Diplomat
Added 02/2026
Diplomat Solitaire: The Forgiving Side of Forty Thieves
By Martin Petroff
If you have tried the legendary, brutal challenge of Forty Thieves and found yourself endlessly frustrated by the strict same-suit building rules, Diplomat Solitaire is the perfect alternative. Playing as a slightly more forgiving cousin in the two-deck family, Diplomat requires the same meticulous forward-planning and single-card movement restrictions, but it completely loosens the collar when it comes to stacking your tableau. By allowing you to build down completely regardless of suit, it opens up a massive web of strategic possibilities. It is still a brain-burner that requires immense patience, but you will find yourself winning far more often than you would at St. Helena!
How to Play
Like most two-deck games, Diplomat requires a significant amount of table space and a very careful approach to managing your empty columns.
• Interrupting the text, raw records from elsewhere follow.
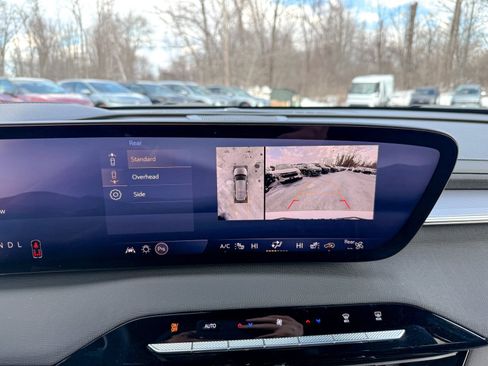 Certified 2025 Buick Enclave Sport Touring image 37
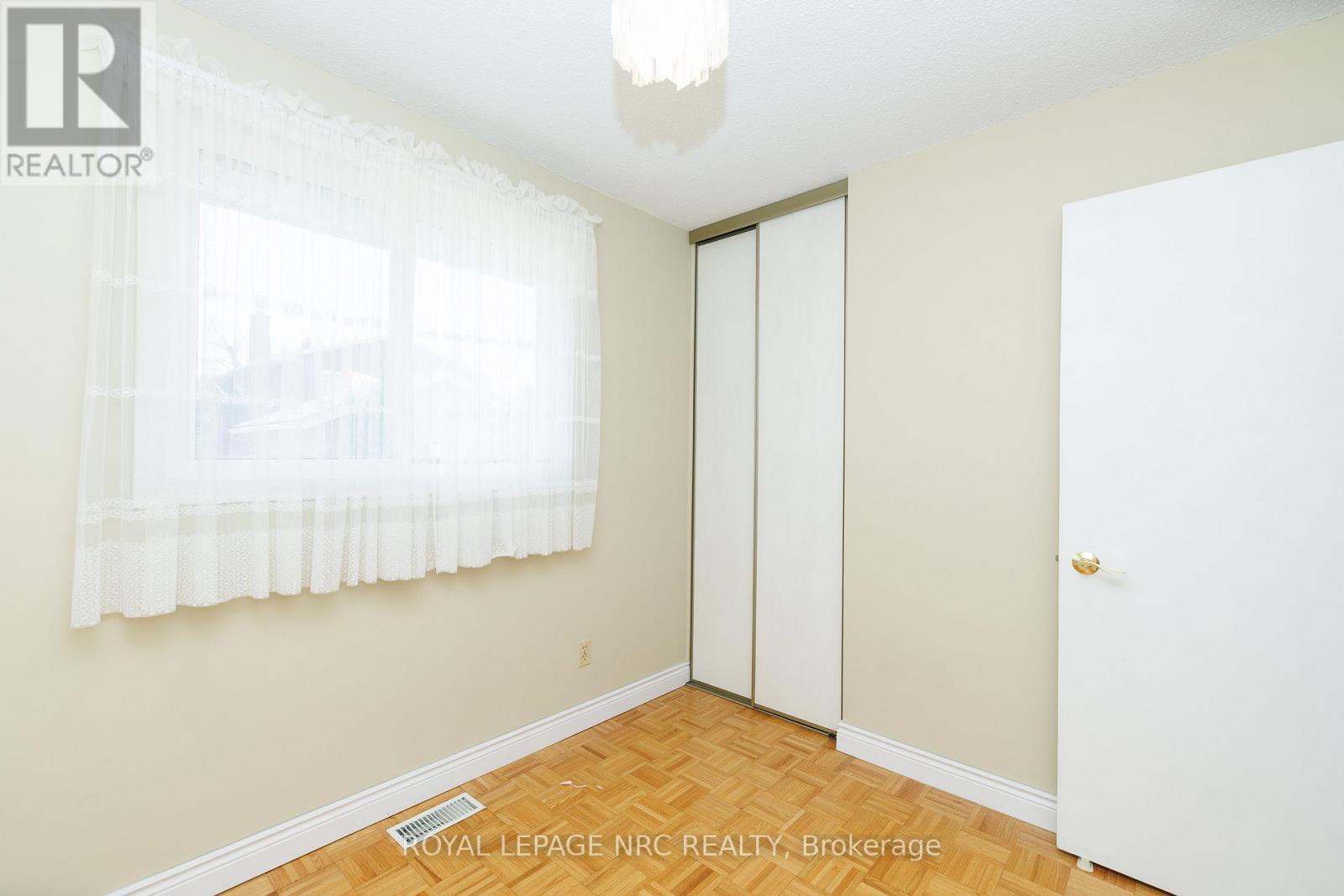 6518 Harmony Avenue, Niagara Falls, Ontario  L2H 1Z4 - Photo 25 - X12993742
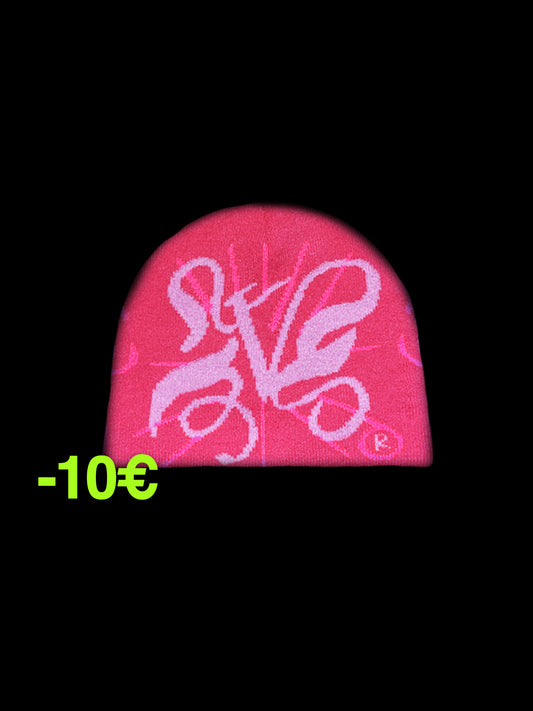 MAGENTA BEANiE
The Objective: Your goal is to move all 104 cards into eight "Foundation" piles at the top of the board, building them up by the exact same suit from Ace to King (e.g., a complete sequence of 13 Hearts, 13 Clubs, etc.).
The Setup (The Tableau):
Shuffle two standard 52-card decks together (104 cards total).
Deal the cards into eight columns across your board.
Every single column receives exactly 4 cards, dealt completely face up and overlapping so you can easily see every card's value.
This places 32 cards on the board. The remaining massive stack of 72 cards forms your face-down Stockpile at the bottom of the board. Leave room next to it for a single Waste pile.
Above the tableau, reserve space for your 8 Foundation piles.
How to Play:
Building the Columns: You build down the tableau columns in descending order, regardless of suit. This is the game's greatest superpower. You can place a 7 of Hearts onto an 8 of Hearts, Diamonds, Clubs, or Spades!
The "One Card" Rule: Just like Forty Thieves, this is where the game fights back. You can only move one single card at a time. You cannot pick up a correctly stacked sequence and drag it to a new column. If you have an 8, 7, and 6 stacked perfectly, and want to move them, you must move the 6 to a different valid spot, then the 7, and then the 8.
Empty Columns: If you manage to completely clear one of your eight columns, you can move any single available card into that empty space. Because you are restricted to moving one card at a time, these empty spaces act as vital temporary storage when you need to rearrange your piles. Guard them with your life!
The Draw: When you are completely out of moves on the board, draw one card from your Stockpile and place it face up on the Waste pile. You can play the top, exposed card of the Waste pile onto the tableau or directly to the foundations.
No Redeals: In the strict, classic rules of Diplomat, you only get one pass through the Stockpile. Once the Stockpile is empty, you cannot flip the Waste pile over to draw again.